In this case, Biermann is certainly right.
“It’s clear from looking at the images that the roof strength of this vehicle, which is one of the tests that we do, what’s really good for the vehicle to have rolled as many times as it appears to have rolled, the roof held up extremely well,” said Harkey. “And looking at the front end of that vehicle, which evidently took the brunt of the crash, a lot of the front of the vehicle now is designed to do that, it’s an energy absorbing barrier. The idea is to take the energy out of the crash before it reaches the occupant compartment. And it did that for the most part. He did have lower leg injuries, so there was some intrusion into the lower part of that occupant compartment, but for the most part, the vehicle did what it was designed to do in a crash.”
While carmakers get a lot of the credit, you have to also acknowledge the contributions of government regulations.
The Department of Transportation was founded in 1967, and the National Highway Traffic Safety Administration (NHTSA) was founded in 1970. Auto safety has taken great strides in that time, and before. Often, manufacturers take the lead in safety, which is something buyers look for in a car. Ford had safety glass on the Model T in 1928—a rock hits your windshield and the glass stays in place, albeit cracked.

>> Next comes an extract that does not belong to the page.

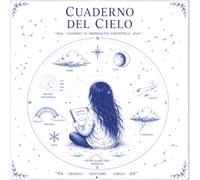 Cuaderno del Cielo: Actividades, observación y talleres sobre el tiempo, las nubes, la lluvia y las estrellas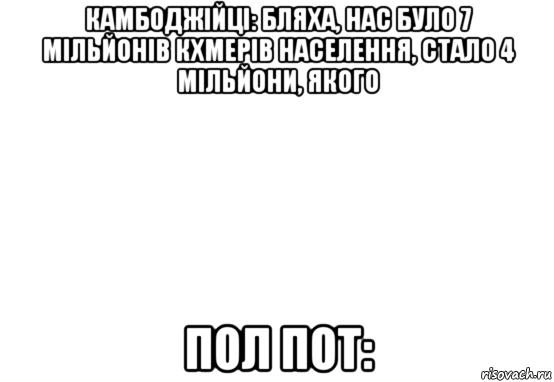 камбоджійці: бляха, нас було 7 мільйонів кхмерів населення, стало 4 мільйони, якого пол пот:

The 1920s also saw the installation of four-wheel brakes instead of two-wheel. Hydraulic brakes came into common use in the 1930s. Universities, often with government funding, started crash-testing cars in the 1950s to see how injuries could be reduced. States started requiring seat belts as original equipment in cars in the 1960s, even though many of those were just lap belts.
In 1966 Congress authorized the Federal government under the Department of Transportation to set safety standards for new cars. By 1968, seat belts, padded dashboards, and other safety features were mandatory according to Federal law, even though it wasn’t until the 1990s that seat belts were widely accepted and used. By 1998 the Federal government required air bags in cars.
Which begs the question, what’s next in automotive safety?
“There will continue to be improvements in trying to protect occupants,” said Harkey. “Whether that is additional strength that’s added to the vehicle in certain parts, or additional improvements into the restraint system. So whether it’s the belts, or whether it’s the airbags, that’s going to be one of the things that’s going to happen.”
Beyond that, advances will be in electronics.
“There will continue to be technologies added to the vehicle to help with safety,” Harkey said. “We're already seeing that with some of the frontal-crash prevention systems that are out there, as well as things like rear automatic emergency braking (AEB) to help with more minor collisions, as well as the tragic collisions that involve pedestrians at times. We’re going to continue to see technology improve, so that those systems can either address additional types of collisions—for instance, they’re not really designed to handle those kinds of collisions were one of the vehicles may be turning. And so I think you’re going to continue to see those kinds of advances, you’re going to see pedestrian AEB systems that are not only going to be able to work during the daytime, but they’ll work at nighttime, which is when we have a lot of pedestrian fatalities.”
Other factors like intelligent speed assist could stop you from exceeding the speed limit in the future, which may save lives but may not be appreciated by a lot of drivers.
And what about safety in autonomous cars?
“It’s going to be a long time, it’s going to be decades, before we get to the point that you or I, as consumers, can go purchase a self-driving car,” Harkey said.
Cars with so-called Level 2 autonomy, that can steer between the lines and apply the throttle and brakes, are already on the market. But even though those features add convenience, they present challenges in terms of safety.
“One of the concerns we have is that while they can be an added safety benefit, they can also allow the driver to become disengaged from the driving task for short periods of time. And I think this is one of the concerns we have to pay attention to moving forward is that while technology can be a benefit, we have to make sure it’s not going to also be a problem.”